SpaceX’s letter to the team said officials were “extremely impressed with your design and we’re excited to see what you build.”

AZLoop will now put together a full-size, half-mile test track. Organizers are discussing permitting with the city of Mesa.

Arizona State University President Michael Crow pledged his support in a video address. “You guys have got one of the ideas to go forward,” he said. “Good luck!” 

Team leaders have said their marketing division has helped secure funding. To this point, ASU’s support has included lab space and prototype materials. Project co-lead Kosar has said, “we’ve got the resources.”

Construction on the test track is expected to begin at the end of May. It will take six weeks to build, Nethken said.

The first trial run could begin as early as mid-July.

The final round is set for judging in August. SpaceX is headquartered in Hawthorne, California, near Los Angeles.

“We are literally going to change the world by helping develop this technology, and that is something that not many people get to be a part of,” Nethken told the team. “It truly shows that ASU is the leader in innovation anywhere. Let’s win this!”

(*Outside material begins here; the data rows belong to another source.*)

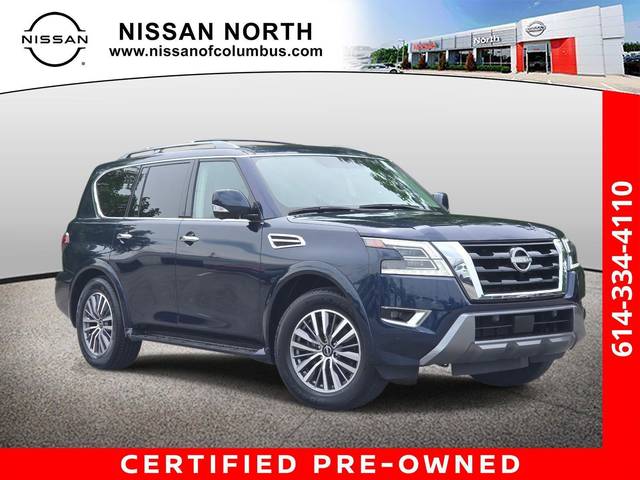 2023 Nissan Armada SL 4WD photo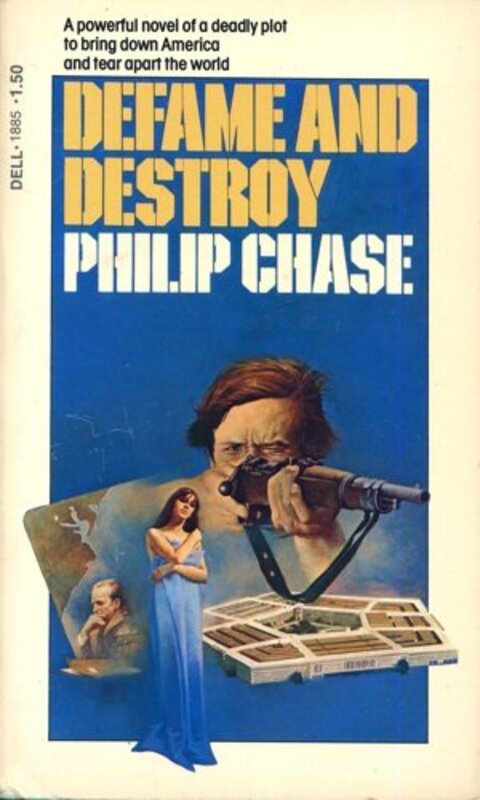 Book cover for "Defame and Destroy" by Philip Friedman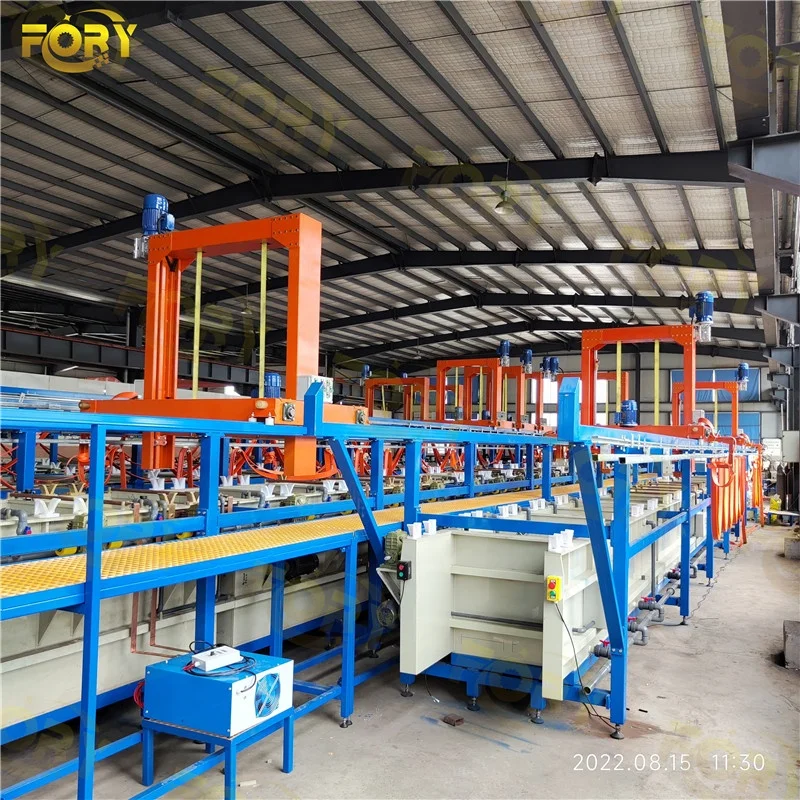 Linyi Fory Гальванизированный завод металлообработка и металлургическое оборудование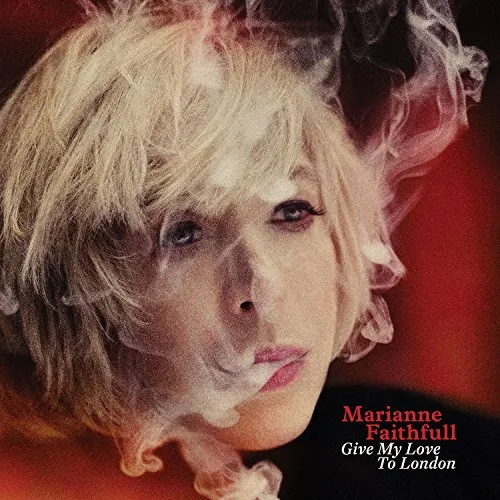 Marianne Faithfull - Give My Love To London vinyl record cover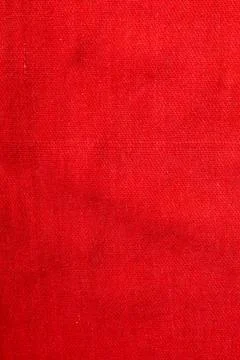 Red Fabric Texture Background Stock Illustration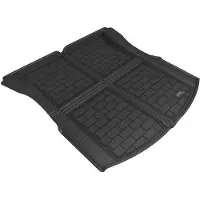 3D MAXpider Custom Fit Kagu Cargo Liner (Schwarz), kompatibel mit Tesla Model 3 Highland 20242025 Cargo Liner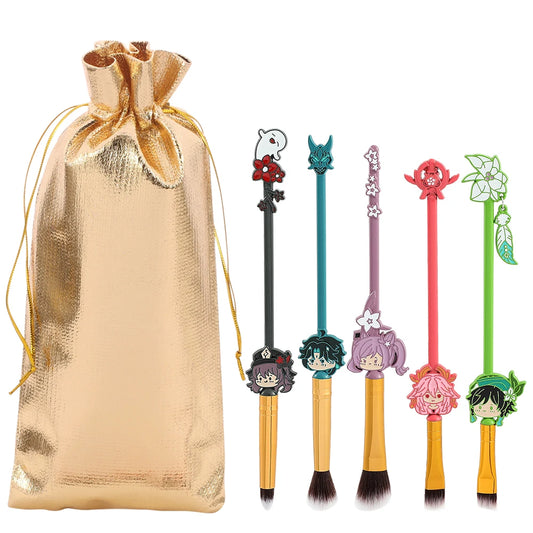 Makeup Brush Set
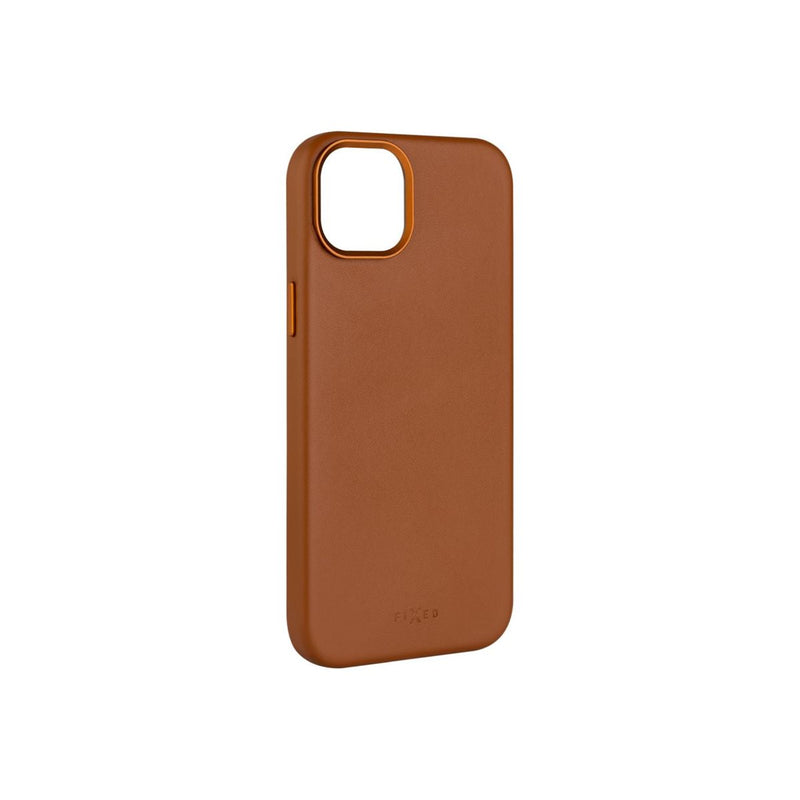 Fixed MagLeather, Back cover, Apple, iPhone 16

Photo: The mood was festive at ASU's Polytechnic campus Friday after members of AZLoop learned their team had been selected to advance in SpaceX's Hyperloop competition. Lynne Nethken, project lead and mechanical engineering graduate student at Arizona State University, talks through video chat with students from Prescott's Embry-Riddle Aeronautical University following the announcement. AZLoop is one of 24 finalist teams selected from a field that started with about 1,300 entries. Photo by Charlie Leight/ASU Now

More Science and technology

 

Palo Verde Blooms

2 ASU postdocs receive prestigious Pegasi 51b Fellowship to study exoplanets 

The Heising-Simons Foundation has announced that Arizona State University School of Earth and Space Exploration postdoctoral researcher Luis Welbanks and incoming postdoctoral researcher Megan Weiner…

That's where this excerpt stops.